Was there nothing he would like to say in tribute to Davis’s sterling role as chief Brexit negotiator, The Irish Times asked him. Nothing.
Asked if Davis’s resignation was a problem: “Not for us”.
Was there no panic in the commission ranks, no concern that the Brexit talks might be affected? Panic? Qui, nous? “In this house it is very clear that our position has always been very cool. We avoided positioning the commission in terms of psychological elements – concern, enthusiasm, disappointment and so on. We are here to do a job.”
Indeed, a job that notionally includes providing journalists with a commission perspective on events such as Davis’s resignation.
Others, officials and diplomats alike, were a little bit more forthcoming when asked to “react”, though all off the record.
Most were quick to point out that Davis actually spent very little time in Brussels negotiating. A total of four hours this year, according to official records. He would hardly be missed. A much-vaunted warm relationship with his EU counterpart Michel Barnier – their shared hillwalking passion was often mentioned – was largely for show.
It wasn’t only that Davis’s role in the talks was never central, a role assumed week in week out by Olly Robbins, the civil servant who is Theresa May’s chief EU adviser and strategist, but the latter had effectively usurped his position in the chain of command. “There have been clear tensions for some time,” one diplomatic source observed.
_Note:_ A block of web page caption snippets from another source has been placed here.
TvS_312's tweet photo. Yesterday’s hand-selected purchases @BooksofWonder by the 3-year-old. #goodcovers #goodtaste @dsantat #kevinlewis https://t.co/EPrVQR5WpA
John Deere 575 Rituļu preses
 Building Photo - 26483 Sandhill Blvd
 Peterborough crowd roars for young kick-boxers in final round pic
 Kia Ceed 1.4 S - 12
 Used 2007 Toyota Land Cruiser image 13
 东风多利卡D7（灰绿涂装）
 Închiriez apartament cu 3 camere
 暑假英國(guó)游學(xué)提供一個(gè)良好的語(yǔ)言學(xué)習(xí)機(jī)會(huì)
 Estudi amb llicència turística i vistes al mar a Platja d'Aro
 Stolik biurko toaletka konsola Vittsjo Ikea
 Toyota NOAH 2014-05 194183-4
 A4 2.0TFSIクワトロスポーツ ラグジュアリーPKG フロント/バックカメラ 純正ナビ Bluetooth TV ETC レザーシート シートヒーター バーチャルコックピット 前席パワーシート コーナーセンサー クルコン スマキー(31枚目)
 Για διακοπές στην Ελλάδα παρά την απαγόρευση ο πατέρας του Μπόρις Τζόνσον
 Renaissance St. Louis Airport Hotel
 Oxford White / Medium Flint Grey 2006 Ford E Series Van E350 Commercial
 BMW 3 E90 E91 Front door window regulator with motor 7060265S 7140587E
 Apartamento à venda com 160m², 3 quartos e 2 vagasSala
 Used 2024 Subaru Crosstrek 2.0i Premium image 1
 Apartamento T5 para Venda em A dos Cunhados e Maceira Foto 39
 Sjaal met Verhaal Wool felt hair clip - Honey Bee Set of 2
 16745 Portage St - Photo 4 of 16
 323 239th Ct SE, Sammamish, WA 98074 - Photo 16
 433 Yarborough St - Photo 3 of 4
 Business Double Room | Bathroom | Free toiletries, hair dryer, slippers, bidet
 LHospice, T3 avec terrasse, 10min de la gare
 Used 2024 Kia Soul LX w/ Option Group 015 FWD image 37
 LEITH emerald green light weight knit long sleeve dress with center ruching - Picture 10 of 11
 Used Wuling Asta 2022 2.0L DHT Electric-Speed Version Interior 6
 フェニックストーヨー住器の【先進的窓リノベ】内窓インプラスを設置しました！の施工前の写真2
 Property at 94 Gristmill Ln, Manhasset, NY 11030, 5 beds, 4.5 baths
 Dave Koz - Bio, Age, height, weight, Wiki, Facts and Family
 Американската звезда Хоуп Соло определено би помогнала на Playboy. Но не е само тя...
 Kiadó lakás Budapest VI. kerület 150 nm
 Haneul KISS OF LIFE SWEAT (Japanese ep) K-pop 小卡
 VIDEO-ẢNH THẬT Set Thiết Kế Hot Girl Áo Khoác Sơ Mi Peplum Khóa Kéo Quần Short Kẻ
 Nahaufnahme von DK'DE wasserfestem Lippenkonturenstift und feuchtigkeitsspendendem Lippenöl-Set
Robbins has drafted most of the policy documents and May’s key speeches and many of these have reportedly not even been seen by the now former Brexit secretary until they were about to be delivered. Some reports suggest he had been out of the loop on the White Paper discussed at cabinet, due to be published this week.
Balance of forces
Had Robbins resigned, Brussels would have been deeply concerned. And offiicials here were wondering if Davis’s replacement, Dominic Raab, has sought any assurances on a diminished role for Robbins, or his own access to the prime minister and role in Brexit policymaking. Reports from London, on the contrary, suggest his department will be scaled back.
Now, of course, Boris Johnson has resigned too.
There is speculation in Brussels about whether the resignations mark a significant shift in the balance of forces in the British cabinet. Raab’s appointment maintains the numerical balance between hard and soft Brexit adherents, but there is also a political dynamic at play in the sidelining of two of the Brexit big beasts.
The resignations were being seen as a reflection of weakness of the hardline Brexit camp, of their political defeat at Chequers, and their likely muzzling by May if they remained in cabinet. It does not appear to be the confident opening of a new line of attack to overthrow May. The numbers are simply not there.
That may change, if there is a further rush out the door, but the calls from Brexiteers on May to go now ring rather hollow.
Crucially, diplomats and officials say that they do not believe there will be any slowdown in the talks process. Schinas insisted on the availability of the commission 24/7 and through the summer for talks.
Nor is there any expectation that the resignation will deflect the UK from the line set out by Theresa May in Chequers last Friday. Although most EU and diplomatic sources suggest she has not gone far enough in her new proposals – specifically in her attempts to distinguish between goods and services aspects of the single market or on free movement, or specifics on the backtsop – there is a general willingness to get down to talking as soon as the UK delivers its White Paper. That is still expected on Thursday.